Recorded information

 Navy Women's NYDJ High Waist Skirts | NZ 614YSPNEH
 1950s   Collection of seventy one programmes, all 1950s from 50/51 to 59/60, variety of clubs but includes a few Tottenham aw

--

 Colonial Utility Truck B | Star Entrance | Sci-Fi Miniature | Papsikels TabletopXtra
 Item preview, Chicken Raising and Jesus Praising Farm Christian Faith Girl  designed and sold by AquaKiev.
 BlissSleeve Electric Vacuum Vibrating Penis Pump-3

What you should do
From the records above, repeat exactly the lines from the one with "Item preview, Chicken" through the one with "BlissSleeve Electric Vacuum", both included.

Exercise result
 Item preview, Chicken Raising and Jesus Praising Farm Christian Faith Girl  designed and sold by AquaKiev.
 BlissSleeve Electric Vacuum Vibrating Penis Pump-3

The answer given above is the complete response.